I said when you live according to the seasons, you live according to the ever recurring year, with its waxings and wanings, its rituals of life and work, its periods of plenty and of less, and its ample pockets of security in rough times… A life, in short, that can count on certain comforts even if they’re not present, because the recurring rituals hold them in place in the future. This gives you a sense of security without however lulling you into a false sense of security. Because it is a whole year, it doesn’t get boring, and the periods and transitions within it cannot be taken for granted.

This unlike “modern life”, which lives not the recurring year, but the recurring day, over and over again the same day, with (as per usual at least) not a one big shift, whether gift or sacrifice, to make us feel alive and the passage of time.
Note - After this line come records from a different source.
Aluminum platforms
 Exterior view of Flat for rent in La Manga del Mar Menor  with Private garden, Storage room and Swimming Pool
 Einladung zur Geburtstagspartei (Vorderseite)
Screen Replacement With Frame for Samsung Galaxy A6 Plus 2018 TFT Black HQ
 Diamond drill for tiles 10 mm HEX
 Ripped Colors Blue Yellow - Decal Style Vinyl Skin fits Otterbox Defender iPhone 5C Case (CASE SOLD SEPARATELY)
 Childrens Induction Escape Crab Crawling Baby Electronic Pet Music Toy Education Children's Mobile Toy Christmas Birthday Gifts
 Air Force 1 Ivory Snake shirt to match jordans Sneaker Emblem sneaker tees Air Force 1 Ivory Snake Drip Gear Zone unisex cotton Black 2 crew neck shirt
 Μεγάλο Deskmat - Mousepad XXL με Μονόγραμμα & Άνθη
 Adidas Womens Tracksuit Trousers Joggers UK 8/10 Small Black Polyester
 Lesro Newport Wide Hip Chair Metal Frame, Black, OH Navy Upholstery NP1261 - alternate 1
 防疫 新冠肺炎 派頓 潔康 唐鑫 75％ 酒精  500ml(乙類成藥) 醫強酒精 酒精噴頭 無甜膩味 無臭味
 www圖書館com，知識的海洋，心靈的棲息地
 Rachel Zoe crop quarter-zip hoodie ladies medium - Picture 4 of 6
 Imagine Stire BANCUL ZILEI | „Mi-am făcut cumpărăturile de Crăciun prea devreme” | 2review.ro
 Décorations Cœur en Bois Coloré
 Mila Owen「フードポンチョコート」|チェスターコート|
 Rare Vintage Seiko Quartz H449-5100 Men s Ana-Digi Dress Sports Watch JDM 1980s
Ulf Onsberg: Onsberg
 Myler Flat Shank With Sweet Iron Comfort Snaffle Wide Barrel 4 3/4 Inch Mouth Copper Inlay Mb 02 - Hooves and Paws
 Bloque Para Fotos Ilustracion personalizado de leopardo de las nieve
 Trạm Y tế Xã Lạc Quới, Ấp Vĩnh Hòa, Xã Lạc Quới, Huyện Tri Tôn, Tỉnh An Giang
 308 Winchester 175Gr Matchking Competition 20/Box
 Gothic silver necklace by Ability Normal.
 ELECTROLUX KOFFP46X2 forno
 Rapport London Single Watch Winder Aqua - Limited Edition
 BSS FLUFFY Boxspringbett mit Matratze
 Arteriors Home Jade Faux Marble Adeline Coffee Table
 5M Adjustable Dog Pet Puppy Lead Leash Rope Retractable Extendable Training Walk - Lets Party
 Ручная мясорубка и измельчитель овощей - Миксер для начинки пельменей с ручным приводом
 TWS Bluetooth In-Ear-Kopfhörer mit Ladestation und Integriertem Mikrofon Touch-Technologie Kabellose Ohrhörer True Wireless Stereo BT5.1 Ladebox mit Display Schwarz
This friend understands what I’m trying to do here, and I appreciate our conversations, however interrupted by kids and “modern life”, more than she knows. I hardly ever write about the emotional side of our endeavors and dreams on this blog, I don’t know why. Perhaps I fear of the dreaded “No Comments” under the entry headings. But most of the time, it is simple exhausting to try to get the maelstrom of emotions to stay still on paper/screen, in neat sentences let alone paragraphs. Easier to let it all come pouring out as a warbled stream of consciousness into the ear of a dear friend. And, later in the evening, to salvage a few choice thoughts.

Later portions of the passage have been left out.